Screenwriter Earl W. Wallace said the above after Witness, which he co-wrote along with Pamela Wallace and William Kelley, won for Best Original Screenplay. It happened 32 years ago, during the 58th Academy Awards telecast in ’86. For some reason I’ve never forgotten that confessional moment, and the laughter that followed. Wallace says it at 4:33.
What an awful realization or suspicion that everything you do from here on, no matter how hard you try, will never match this one shining moment of triumph. A couple of years later Wallace (who is still with us) hit the jackpot again with his script for the epic miniseries War and Remembrance, and he wrote several TV movies throughout the ’90s. But he was, by the currency of esteem, correct. It never got any better than winning for Witness.

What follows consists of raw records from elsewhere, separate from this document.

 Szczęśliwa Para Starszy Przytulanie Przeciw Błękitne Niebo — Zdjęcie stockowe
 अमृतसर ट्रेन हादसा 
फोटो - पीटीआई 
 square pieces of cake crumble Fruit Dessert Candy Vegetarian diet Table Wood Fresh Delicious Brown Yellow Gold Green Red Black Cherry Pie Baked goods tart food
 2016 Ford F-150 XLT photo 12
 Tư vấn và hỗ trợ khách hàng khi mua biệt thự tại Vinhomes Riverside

Who among the major nominees for the 2017 Oscars might be nurturing this same concern, if and when they wind up standing at the lecturn tonight with all the world applauding? Answer: They all could be thinking this. Tomorrow is promised to no one. There is only the great and immediate now.

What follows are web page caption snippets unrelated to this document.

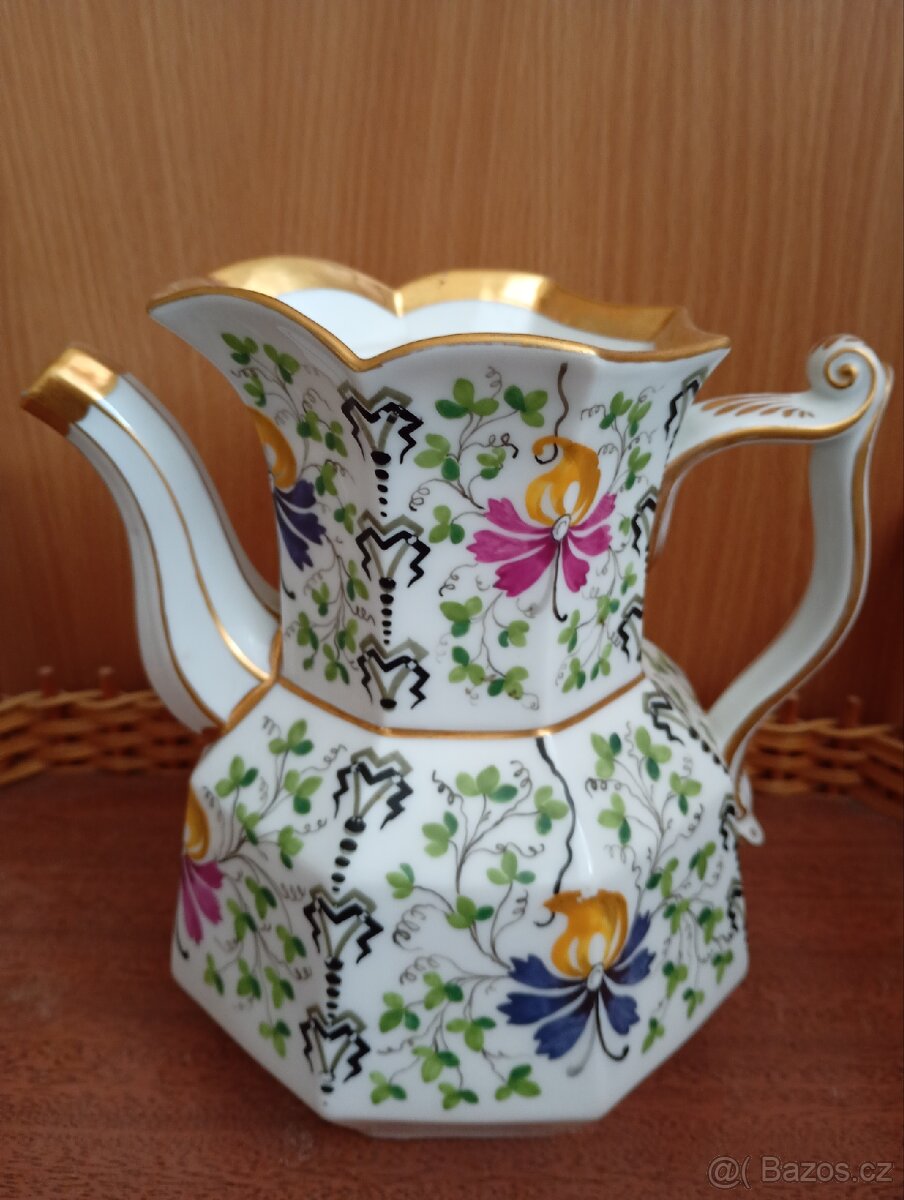 Porcelánová konvička - 3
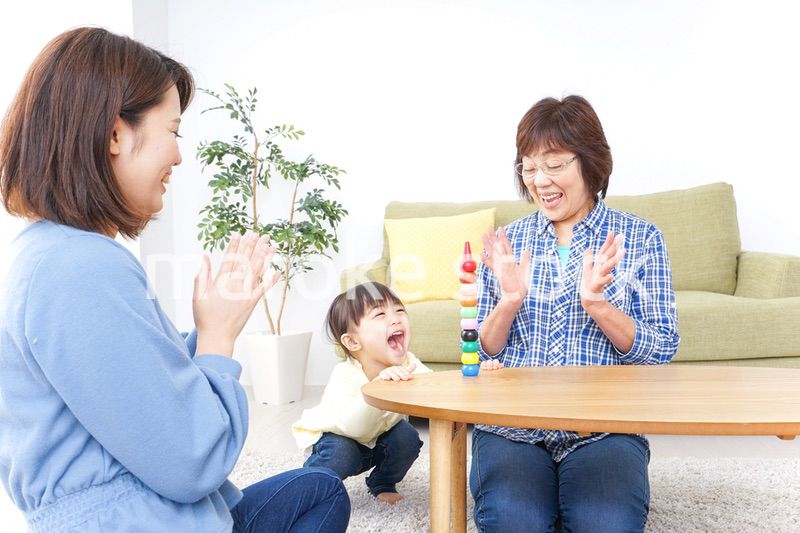 子供と遊ぶ幸せな家族イメージ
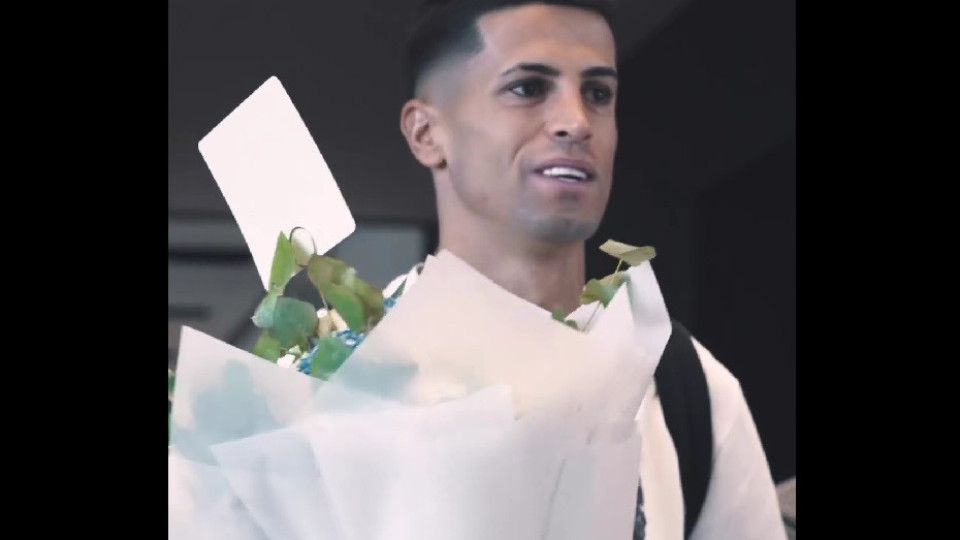 Um clássico. João Cancelo chegou à Arábia Saudita e recebeu... flores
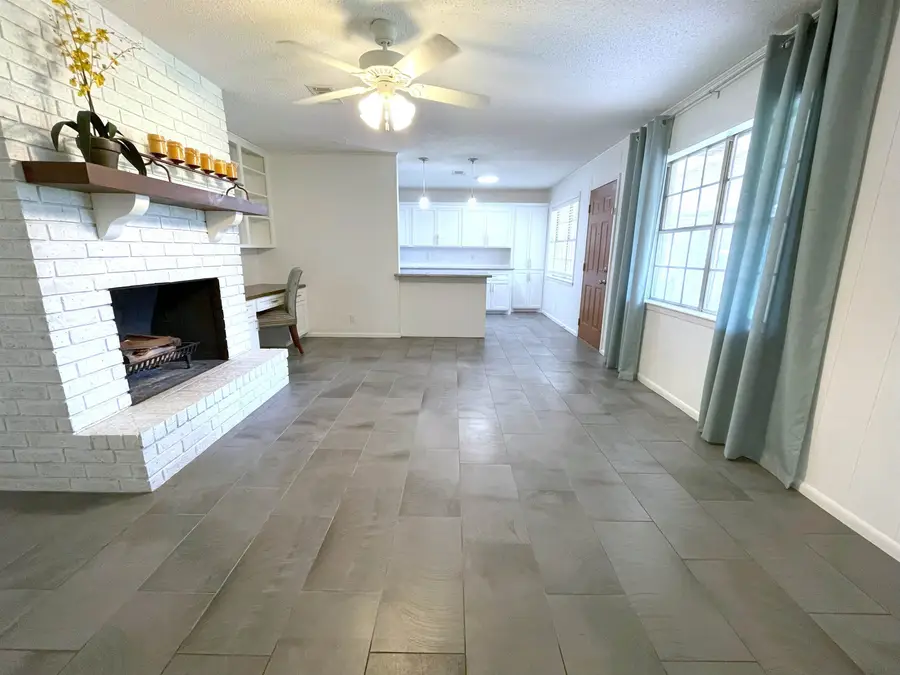 3055 Westmont Dr, Beaumont, TX 77706 - Image #3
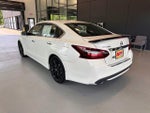 2017 Altima Thumbnail 4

Posted on 8.7.13: If Gregory Peck had been clairvoyant and under the influence of a truth drug on the night he won the Best Actor Oscar for To Kill A Mockingbird in March 1963, he might have said, “Well, this is it…the peak moment.

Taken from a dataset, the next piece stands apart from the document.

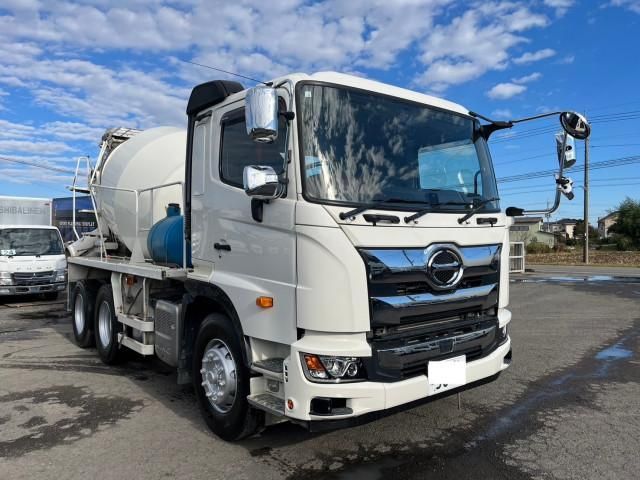 HINO PROFIA 2022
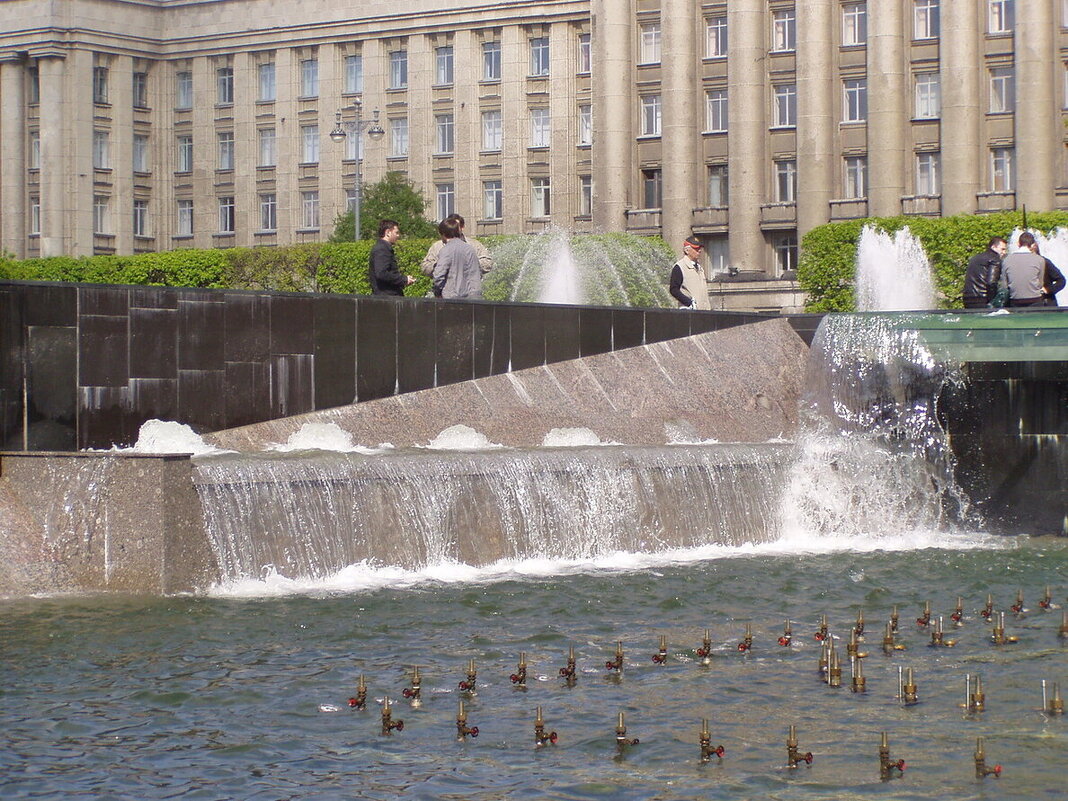 Фонтан в СПБ. Московский пр.. - vadim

“I’ve been lucky enough to play starring roles for the finest producers, directors and writers in the business for the last 18 years…Spellbound, Duel In The Sun, Gentleman’s Agreement, The Paradine Case, Twelve O’Clock High, Roman Holiday, The Man in the Gray Flannel Suit, Moby Dick, The Bravados, The Big Country, Pork Chop Hill, On The Beach, The Guns of Navarone, Cape Fear…and it’s been wonderful.
“I’m saying this because for the next 40 years it’s going to be all downhill. Oh, I’ll make a few interesting films over the next couple of decades but my charmed career period is over and I know it. Some actors only get lucky for five or ten years or so. I nearly had 20. And for that I’m very grateful to the industry and especially to the public. From the bottom of my heart, thank you.”
From someone who was there: “Of the three winners for Best Original Screenplay for Witness, Earl Wallace and his wife Pamela were in the middle of an acrimonious divorce — the conflict had begun with a fight over her sharing ‘written by’ credit — and were not speaking. The third partner, William Kelly, wasn’t speaking to either of them. He did, however, thank the studio Paramount, not knowing that a few days earlier they had fired him off another solo project. Someone had requested that his agents not tell him until after the ceremony, for obvious reasons. Enough to make the Marquis de Sade cry.”
Larry Gelbart’s 1986 introduction: “The successful screenwriter, one who is the author of more than a set of clever license plates, is a poet pragmatist, ready at the drop of a [hat] to change the script so that the part of Mother Theresa can be played by Goldie or Dusty or Whoopie. And if the writer is ready and willing but considered unable, perhaps the problem of water on the brain that the director has no trouble walking across, the writer is either re-written or partnered with one or more collaborators, often unknown to each other until their hands meet over the same award. Here are this year’s triumphant survivors of a system that would have made the Marquis de Sade cry uncle.”